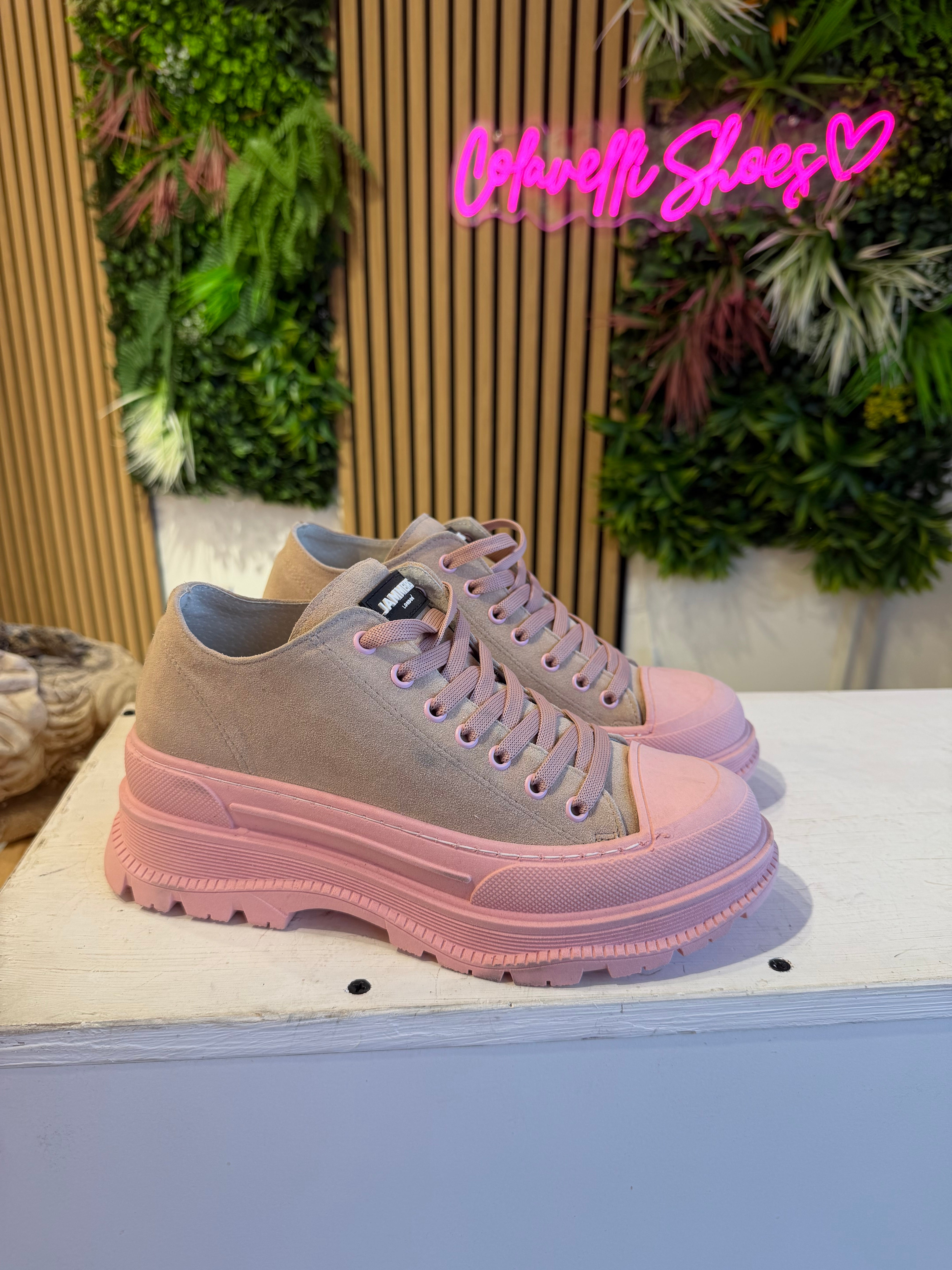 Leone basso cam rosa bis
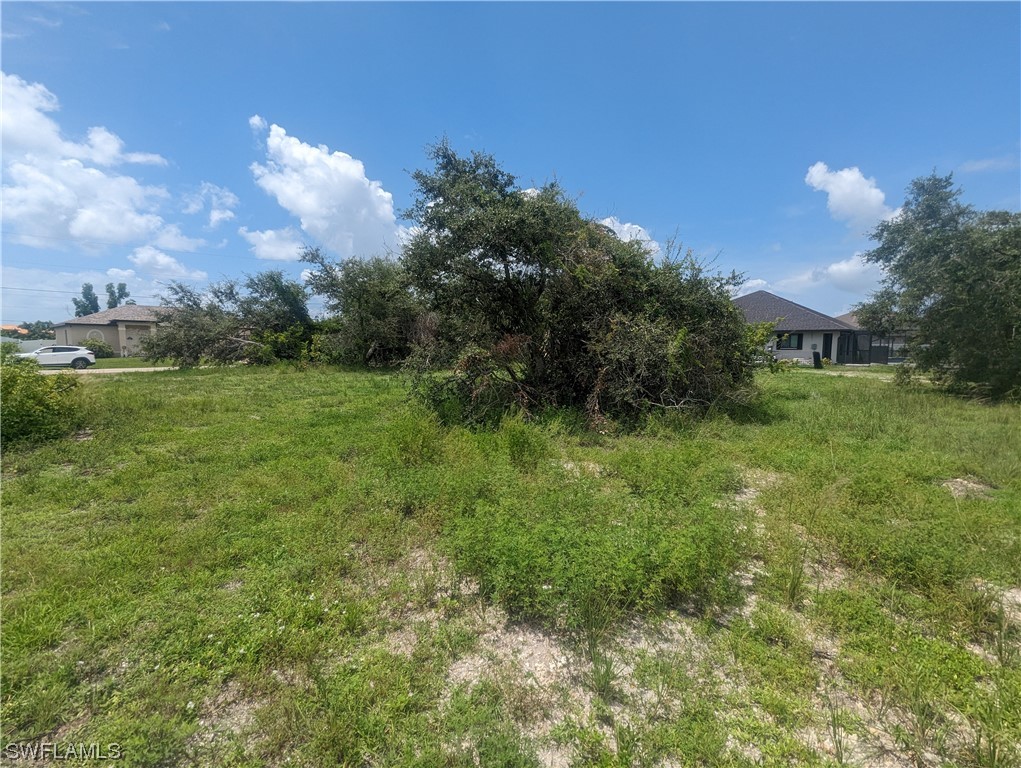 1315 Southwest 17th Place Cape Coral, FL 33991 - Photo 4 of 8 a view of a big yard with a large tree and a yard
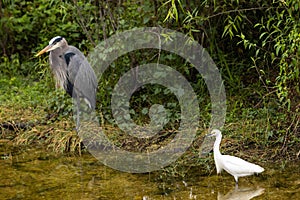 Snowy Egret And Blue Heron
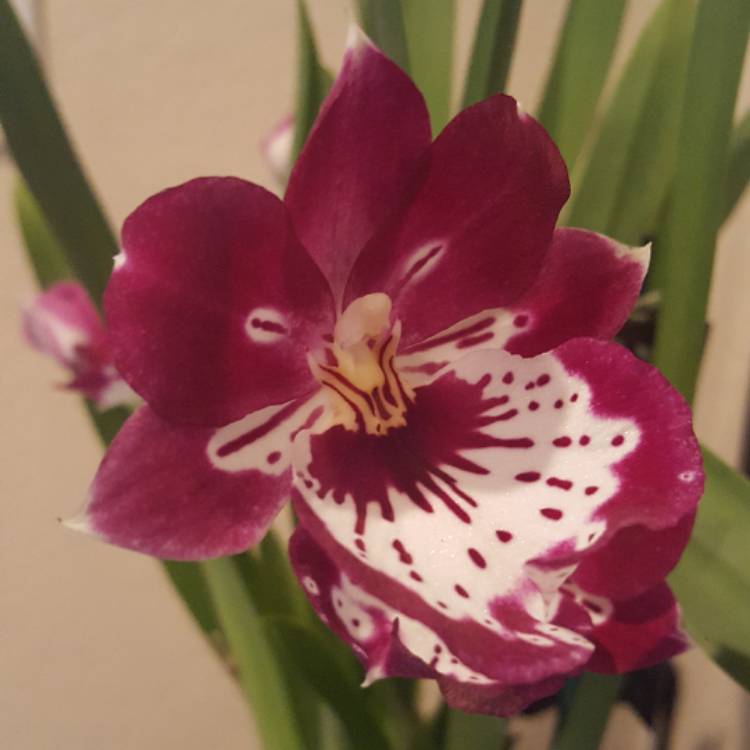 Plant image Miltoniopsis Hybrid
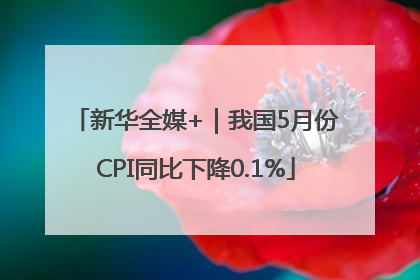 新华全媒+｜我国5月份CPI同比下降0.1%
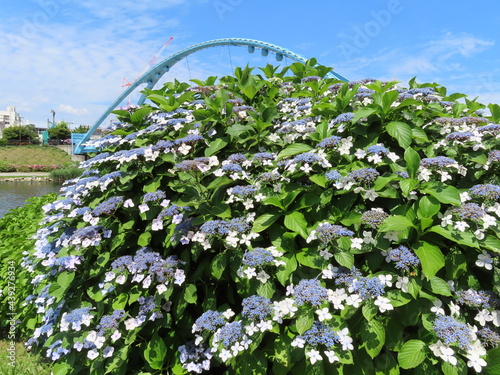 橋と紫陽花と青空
==
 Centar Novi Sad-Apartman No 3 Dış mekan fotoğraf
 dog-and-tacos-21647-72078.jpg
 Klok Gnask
--
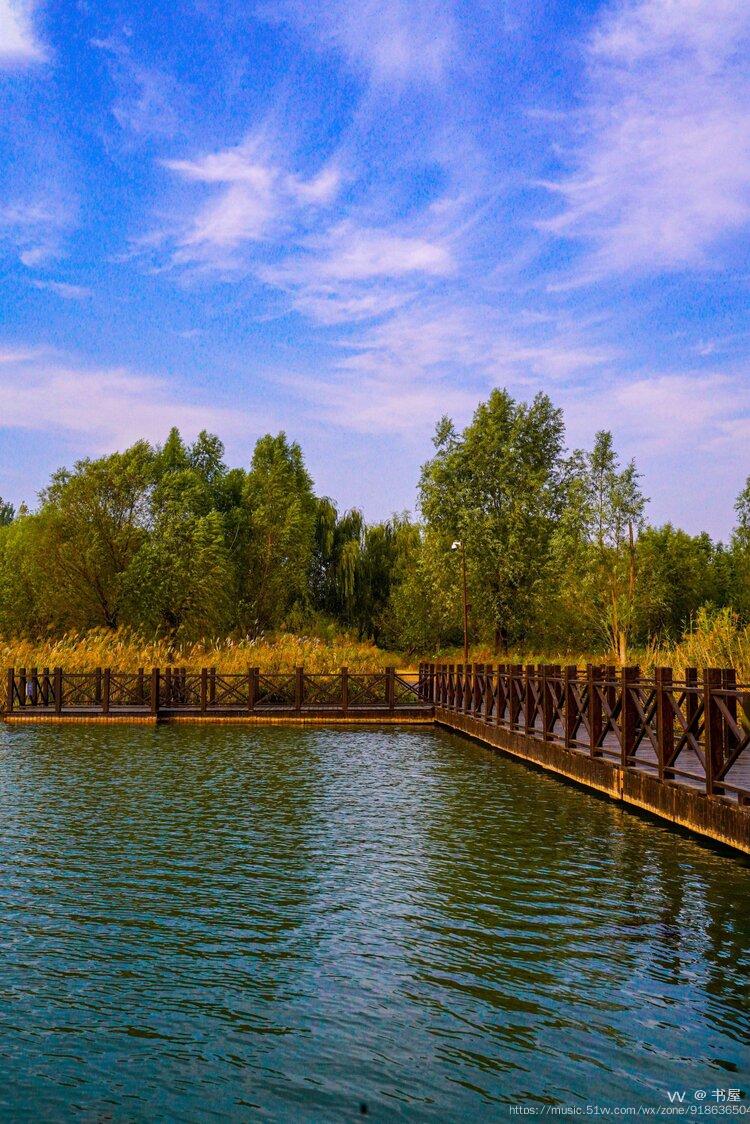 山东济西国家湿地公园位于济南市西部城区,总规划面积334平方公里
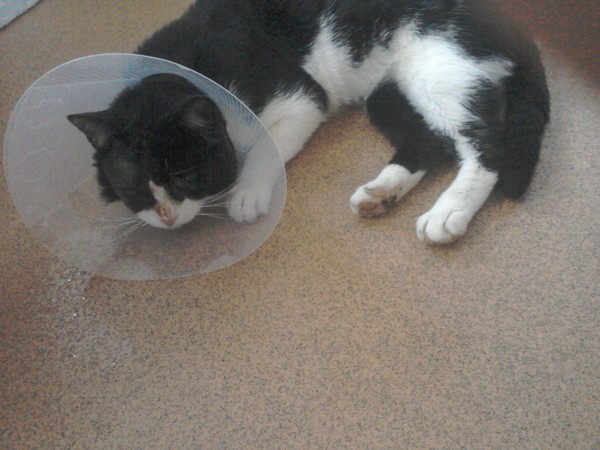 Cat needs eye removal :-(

**Aim of the exercise:**
Write back word for word every line in the entries above from the one with "山东济西国家湿地公园位于济南市西部城区,总规划面积334平方公里" to the one with "Cat needs eye", ends included, and none of the pictures.

**Finished task:**
 山东济西国家湿地公园位于济南市西部城区,总规划面积334平方公里
 Cat needs eye removal :-(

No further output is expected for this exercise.